Instead of returning the value of the new node as an in/out parameter, you are better off having that be the return value of the function. This simplifies both the calling code, and the code inside the function (you can get rid of all those ugly double indirections).

record* insert_sorted(const record* head, const char* value)

You are missing error handling for the malloc/strdup failing case btw.

Greg Rogers
I don't think `*head` should be const, because this function might need to modify its `next` pointer.
finnw
+2  A: 

This is a well known thing - double pointer iteration (that's my name for it, I don't know the official name). The goal is to be able to locate a position in single linked list, and then insert before that position (inserting after it is trivial). Implemented naively, this requires two pointers (current and prev) and special code for beginning of the list (when prev == NULL).

The code the way I usually write it is something along the lines of

void insertIntoSorted(Element *&head, Element *newOne)
{
  Element **pp = &head;
  Element *curr;
  while ((curr = *pp) != NULL && less(curr, newOne)) {
    pp = &(pp->next);
  }
  newOne->next = *pp;
  *pp = newOne;
}

Update:

I've forgot theother purpose for this trick - a more important one. It's used to delete elements from single linked lists:

// returns deleted element or NULL when key not found
Element deleteFromList(Element *&head, const ElementKey &key)
{
  Element **pp = &head;
  Element *curr;
  while ((curr = *pp) != NULL && !keyMatches(curr, key)) {
    pp = &(pp->next);
  }
  if (curr == NULL) return NULL;
  *pp = (*pp)->next; // here is the actual delete
  return curr;
}
Arkadiy
C doesn't have references and the type of pp should be Element **, not Element *.
Evan Teran
Fine, so I allowed myself some liberties here. This trick is as valuable in C++ as it is in C
Arkadiy
+1 for the name
finnw
+4  A: 

I've used similar to this to insert into a binary tree. Because when iterating the tree, you usually stop when your pointer becomes NULL (you ran off the tree).

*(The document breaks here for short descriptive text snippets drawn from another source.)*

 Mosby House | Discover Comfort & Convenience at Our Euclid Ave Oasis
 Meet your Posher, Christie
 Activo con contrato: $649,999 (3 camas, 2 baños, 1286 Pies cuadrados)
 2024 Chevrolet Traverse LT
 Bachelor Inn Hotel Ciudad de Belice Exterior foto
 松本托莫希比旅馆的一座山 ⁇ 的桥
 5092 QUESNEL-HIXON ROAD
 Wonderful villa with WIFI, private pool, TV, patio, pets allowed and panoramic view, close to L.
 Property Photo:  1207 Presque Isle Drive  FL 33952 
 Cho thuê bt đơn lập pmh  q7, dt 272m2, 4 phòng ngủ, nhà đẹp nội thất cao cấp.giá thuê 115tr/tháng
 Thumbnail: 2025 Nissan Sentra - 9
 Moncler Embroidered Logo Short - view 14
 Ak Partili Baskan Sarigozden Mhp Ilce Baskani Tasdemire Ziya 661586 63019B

So to insert, you have 3 options,

1: use a variable which tracks the previous value of your iterating pointer.

2: stop when the pointer you would follow is NULL before you follow it, works but slightly less elegant in my opinion.

3: or a more elegant solution is simply use a pointer to a pointer, so you can just do: *it = new_node(); and it'll add it where the NULL used to be in your tree.

For a linked list, while this code works nicely, I usually just use a doubly linked list which makes it trivial to insert at any location.

Evan Teran
This is what I was looking for - both a recognition of the pattern and another use for it - in binary trees. Thanks!
gooli
A: 

To answer the original question, this is known as a pointer centric approach instead of the naive node centric approach. At maiaco.com there is an article that includes an example of the naive node centric approach and a much better example implementation of the pointer centric approach.